The Moscow River exists “backwards”: the movement happens outside of it, the life around flows by, avoiding the river as if it were a heterogenous element built in the landscape. No swimming, no fishing.

This project, titled The Edge Effect, studies how that effect appears when people interact with the Moscow River. It’s at the contact points where this “biodiversity” appears — new, bizarre behavioral patterns and cultural strata, as if thrown out on the riverside by the current. Observing them, I see a bigger story — about how people behave encountering the unknowable.    

— Natalia Pokrovskaya, Moscow, Russia

Ben Altman

www.BenAltman.net

I look for a beach, usually facing West, and set up my 4×5 or 8×10 camera, often at sunset. As the light fades, I make long exposures of the last few feet of sand, a few feet of water, and the shifting edge between them, allowing the motion of the waves and reflections of the sky to combine in unpredictable ways with the chemistry of the film. I crop the resulting images to exclude the horizon and to emphasize ambiguities of scale and substance, looking for effects that are both seductive and unsettling when printed at large size.

— Ben Altman, Ithaca, New York, USA

Jeff Alu

www.JeffAlu.com

My style hovers between documentary and a semi-dreamlike state. I’m constantly searching for what I like to call “clues.” These clues generally represent the initiation of questions that should be asked, rather than answers to pre-defined questions. I never have a set idea of what it is I’m looking for. I simply seek, occasionally finding exactly what it is I wasn’t seeking. For me, that’s the time I learn something new about life: when I discover a new path, a new way of seeing, a new reason for continuing my search.

— Jeff Alu, Los Angeles, California, USA

Will Davis

www.WillKDavis.com

Practice examines how the concept of place has moved far beyond a geometrical notion. Place can now offer us gifts of visual and textual metaphor to understand unconscious ideas about our sense of self and to deepen our understanding of our relationship with the external world. My work explores the nature of place, and asks whether there is more to place than a geographical location. It attempts to discover the role that transience, presence and memory play in this formation of place and the impact on our sense of self.

— Will Davis, Wivenhoe, United Kingdom

Nate Larson & Marni Shindelman

www.Larson-Shindelman.com

We use publicly available embedded geotag information in Twitter updates to track the locations of user posts and make photographs to mark the location in the real world. Each of these photographs is taken on the site of the update and paired with the originating text.
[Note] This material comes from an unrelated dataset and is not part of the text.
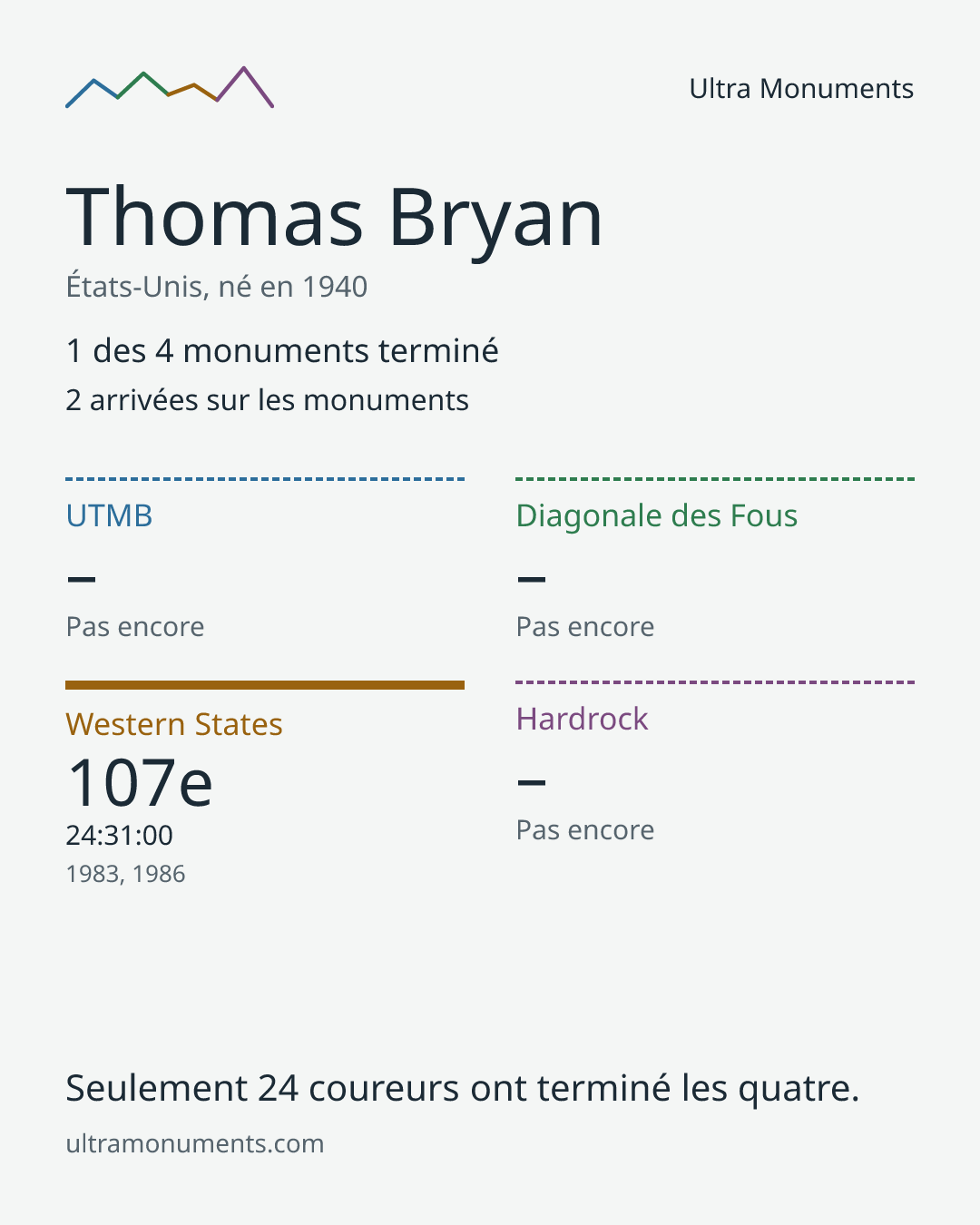 Carte des résultats de Thomas Bryan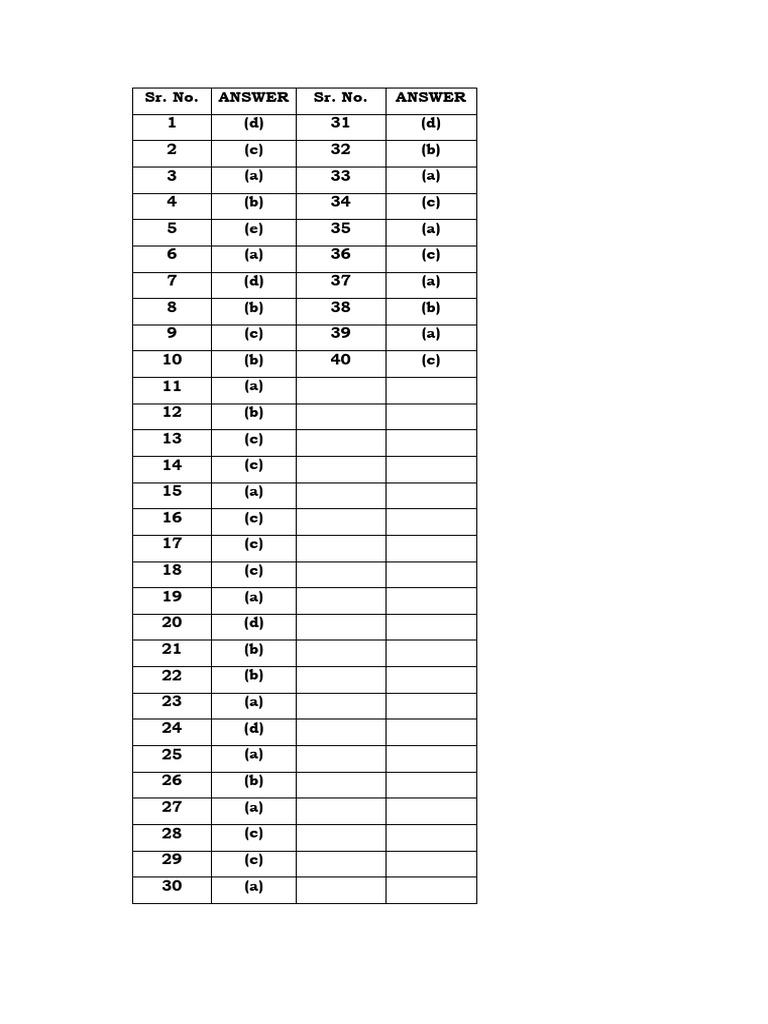 Answer Key 27.10.25 | PDF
Our act of making a photograph anchors and memorializes the ephemeral online data in the real world and also probes the expectations of privacy surrounding social networks.
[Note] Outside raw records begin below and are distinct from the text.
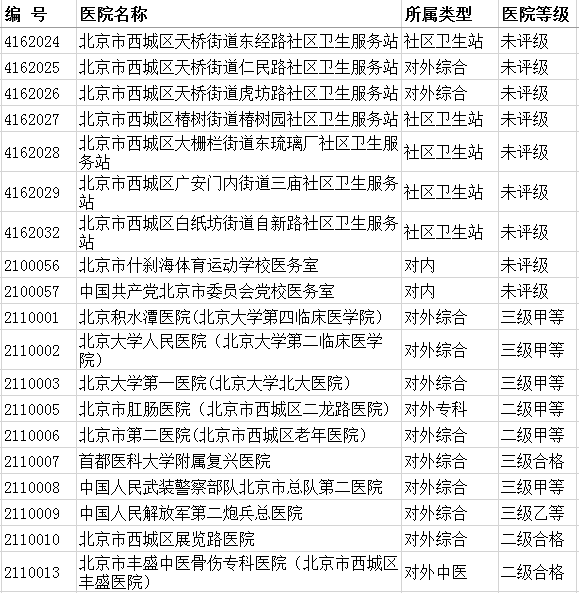 晋城市工伤定点医院完整名录及详细信息：工伤认定、救治与复服务指南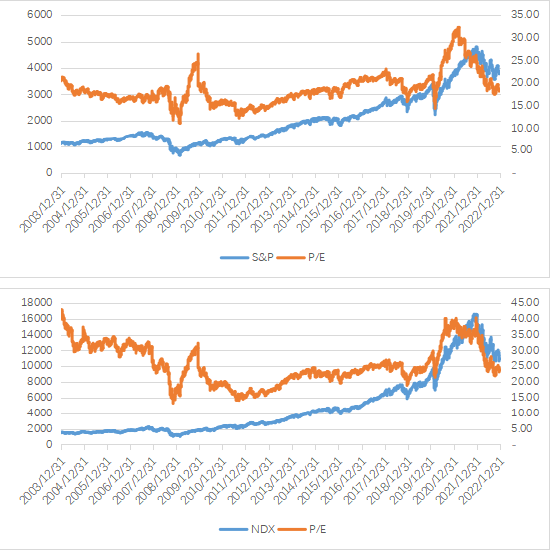 数据来源：Bloomberg
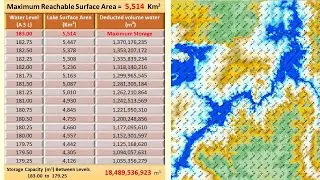 Nasser's Lake, EGYPT - Storage Area Versus different water levels (Between 183.00 to 179.25 ASL)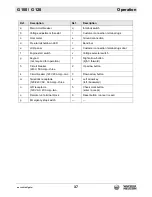 Preview for 37 page of Wacker Neuson 0620649 Operator'S Manual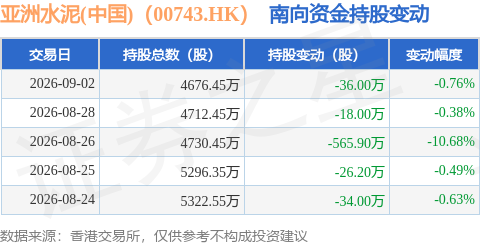 亞洲水泥(中國)（00743.HK）：9月2日南向資金減持36萬股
— Nate Larson & Marni Shindelman, Baltimore, Maryland & Athens, Georgia, USA

Heidi Romano

www.TalesOfLight.com.au

Initially these images were part of a five-year investigation into the forests of the world. But over time they made me look differently, because behind their great complexity and careful composition lies a secret.
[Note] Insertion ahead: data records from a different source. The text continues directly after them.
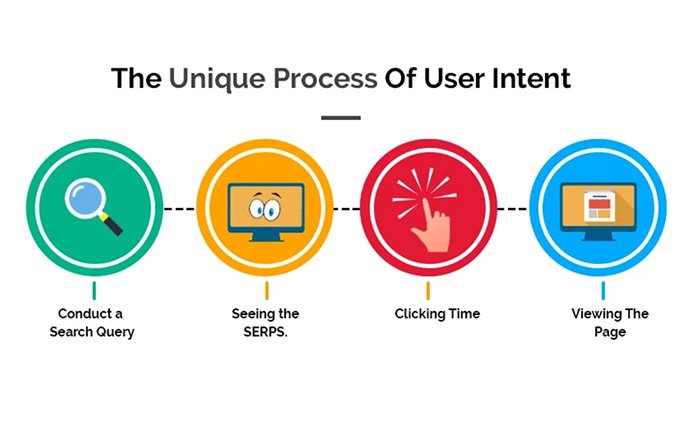 Implications-for-SEO-and-Content-Strategy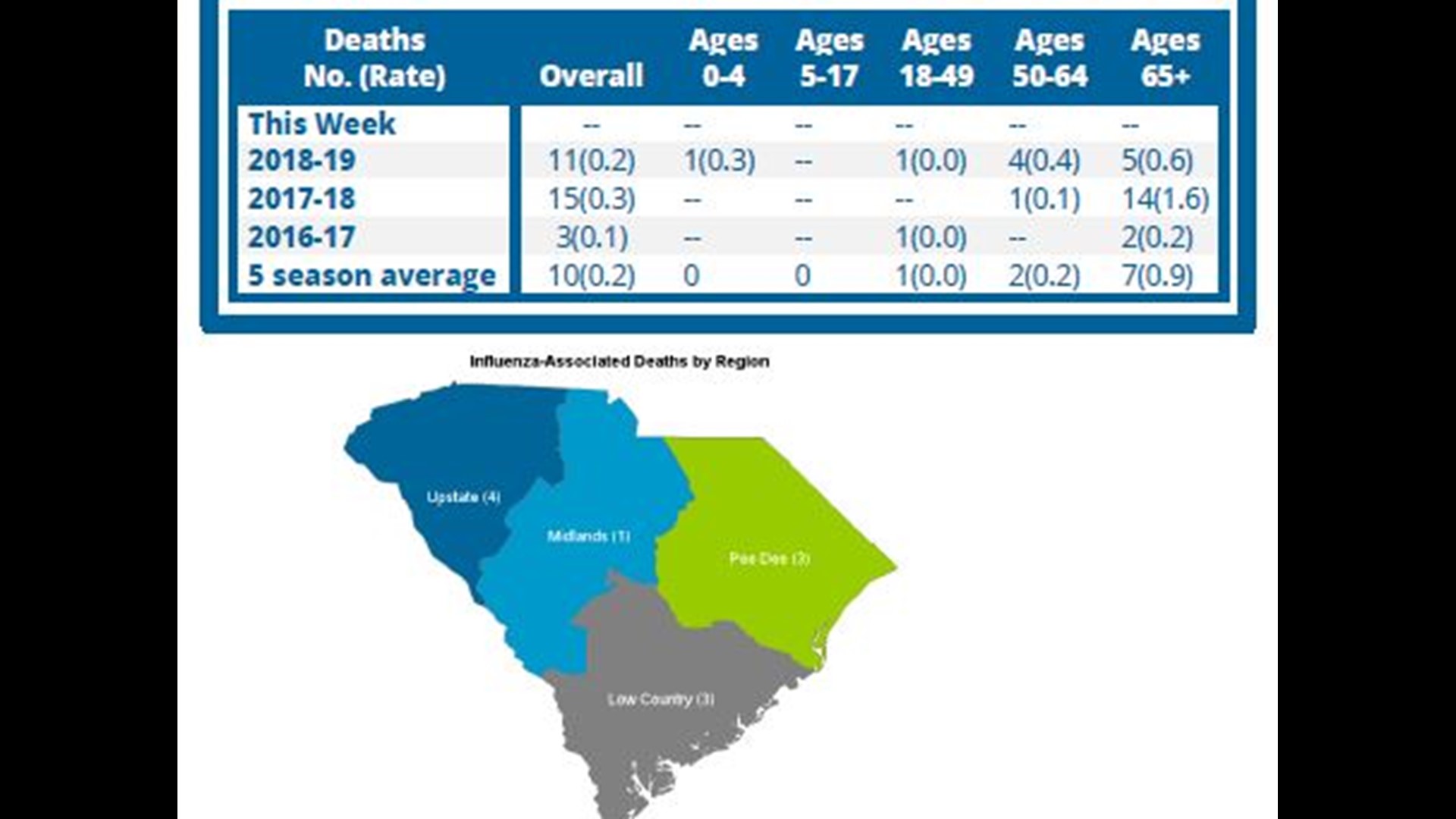 Flu on the rise In South Carolina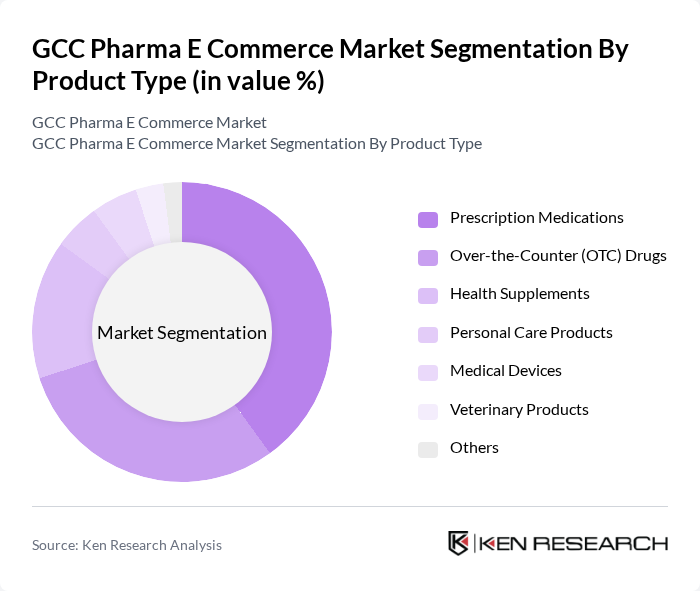 GCC Pharma E Commerce Market segmentation by Product Type.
Photographically I have always been interested in time and how we perceive change. These images illustrate the change of light, the changing direction of the wind and the force of the weather. We see a forest and imagine adventures — dream of discoveries, secret paths, laughter, or playing hide and seek. Yet sometimes a small piece of information dramatically influences the way we perceive, the way we look.

When I took these images I had no intention of documenting a crime scene, but when I unintentionally did, the forest transformed into a dark, mysterious place that spoke of hiding under rocks and escaping the country, of police searches, sirens and helicopters.

In its silence I thought of loss, heartbreak, and the crime committed by a friend — father of a little girl and partner to my best friend.